Le commandant Alexander tombe au combat, mais son exemple renaît dans le cœur du peuple.
Il est né en 1982 à Concepción, au nord du Paraguay, au sein d’une famille paysanne pauvre. Dès son enfance, Osvaldo Villalba a connu la dureté du travail rural, les sécheresses, l’abandon de l’État et la répression des communautés qui réclamaient des terres pour vivre et produire. Son histoire est marquée par le même paysage qui a façonné des milliers de Paraguayens appauvris : la montagne, les sillons et l’injustice.
Sa sœur Carmen Villalba et son beau-frère Alcides Oviedo Brítez ont fondé le groupe politique Patria Libre, qui a ensuite donné naissance à l’Armée du peuple paraguayen (EPP). C’est dans ce milieu militant qu’Osvaldo s’est formé idéologiquement, comprenant dès son plus jeune âge les racines structurelles de la pauvreté et de la violence étatique qui touchaient les paysans.
À la fin des années 1990, alors qu’il était encore adolescent, il a décidé de rejoindre le mouvement armé naissant. Il l’a fait, selon les témoignages de ses camarades, motivé par la conviction que la lutte sociale devait s’accompagner d’une organisation qui défendrait les secteurs les plus opprimés face au pouvoir économique et politique.
Entre 2001 et 2004, il a participé aux premiers entraînements et actions de l’EPP. Lorsque Carmen et Alcides ont été capturés et condamnés, Osvaldo a assumé des responsabilités plus importantes au sein du groupe. Depuis lors, il est entré dans la clandestinité, se déplaçant dans les montagnes du nord du Paraguay. Là, il a commencé à être reconnu pour sa discipline, son engagement et son sens de la justice.
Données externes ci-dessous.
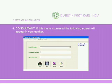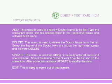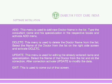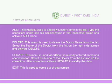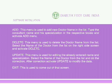Consultant: If this menu is pressed, the following screen will appear. Add — this menu is used to add a new doctor name to the list. Type the consultant name and specialization in the respective boxes and activate Add. Delete — this menu is used to delete a doctor name from the list; select the name from the right side and activate Delete. Update — this menu is used for editing an already entered name and specialization.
Entre 2008 et 2013, il s’est imposé comme le chef opérationnel de l’EPP, coordonnant les actions à Concepción, San Pedro et Amambay. En 2013, ses camarades l’ont nommé commandant des opérations militaires, sous le pseudonyme de « Commandant Alexander ». À ce titre, Villalba a dirigé la phase d’expansion la plus importante de l’organisation et a renforcé sa structure politique et militaire.
Cependant, la réponse de l’État ne s’est pas fait attendre. À partir de 2014, le gouvernement paraguayen a intensifié la répression par le biais de la Force opérationnelle conjointe (FTC), composée de policiers et de militaires, et bénéficiant de conseils étrangers, principalement de Colombie et d’Israël. Ce que l’État a présenté comme une « guerre contre le terrorisme » s’est traduit par une politique de persécution et de harcèlement des communautés paysannes, où des dizaines de familles ont été expulsées, emprisonnées ou ont disparu sur la base d’accusations sans preuves.
Dans ce contexte, Osvaldo Villalba a continué à résister dans la clandestinité. Pour l’État paraguayen, il est devenu l’ennemi public numéro un ; pour les paysans du nord, un symbole de dignité et de rébellion.
Le 23 octobre 2022, après un affrontement avec la FTC à Cerro Guazú, dans le département d’Amambay, il a été abattu à l’âge de 39 ans. Sa mort a été officiellement présentée comme un « coup porté au terrorisme », mais pour de nombreux secteurs populaires, elle a représenté une nouvelle manifestation de la cruauté envers les paysans organisés et une perte profonde pour l’histoire de la résistance paraguayenne.
Aujourd’hui, trois ans plus tard, le nom d’Osvaldo Villalba continue d’être prononcé à voix basse dans les ranchs du nord. Autour des feux de camp où l’on partage le maté et où l’on parle de la terre, son exemple continue d’être une référence. Non pas comme une figure romantique de la lutte armée, mais comme un rappel que les inégalités qui l’ont poussé à prendre les armes persistent au Paraguay : l’accaparement des terres, la pauvreté rurale, la criminalisation des mouvements paysans et l’impunité des puissants.
L’histoire de Villalba interpelle le présent. Alors que les latifundios envahissent des communautés entières et que la répression reste la réponse de l’État, sa vie – forgée entre l’amour pour son peuple et la conviction que la dignité ne se négocie pas – conserve une actualité qui transcende la mort.
À une époque où la résistance populaire est criminalisée, se souvenir d’Osvaldo Villalba est aussi une façon de défendre le droit des peuples à s’organiser, à rêver et à lutter pour une vie plus juste.